── Data for this exercise ──

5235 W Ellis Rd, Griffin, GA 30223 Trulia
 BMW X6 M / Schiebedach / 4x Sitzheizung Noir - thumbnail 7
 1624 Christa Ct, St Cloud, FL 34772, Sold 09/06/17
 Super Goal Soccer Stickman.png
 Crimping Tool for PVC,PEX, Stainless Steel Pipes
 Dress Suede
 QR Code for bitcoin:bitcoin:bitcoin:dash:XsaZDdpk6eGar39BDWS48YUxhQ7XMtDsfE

───
── Data for this exercise ──

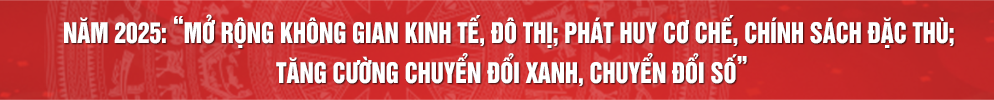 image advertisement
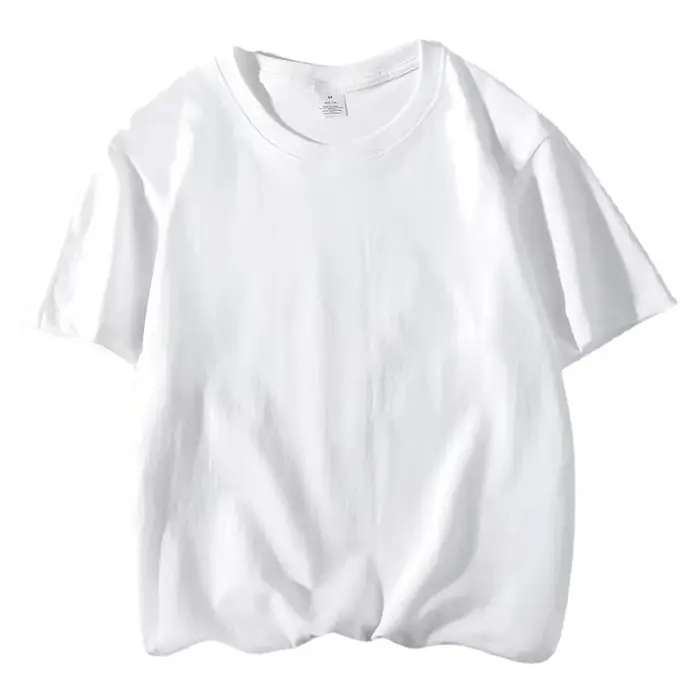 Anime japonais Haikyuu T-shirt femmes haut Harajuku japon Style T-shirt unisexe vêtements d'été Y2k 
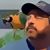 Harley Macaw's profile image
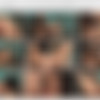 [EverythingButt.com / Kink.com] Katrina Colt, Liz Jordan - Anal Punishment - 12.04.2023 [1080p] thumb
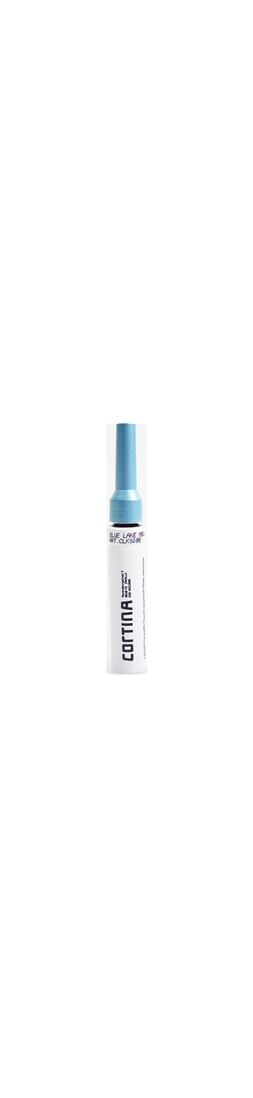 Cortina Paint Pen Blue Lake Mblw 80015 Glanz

───

Try it → Transcribe only the lines above that start at the line containing "Harley Macaw's profile image" and end at the line containing "Cortina Paint Pen Blue Lake Mblw 80015 Glanz". Omit pictures.

Answer area →
 Harley Macaw's profile image
 [EverythingButt.com / Kink.com] Katrina Colt, Liz Jordan - Anal Punishment - 12.04.2023 [1080p] thumb
 Cortina Paint Pen Blue Lake Mblw 80015 Glanz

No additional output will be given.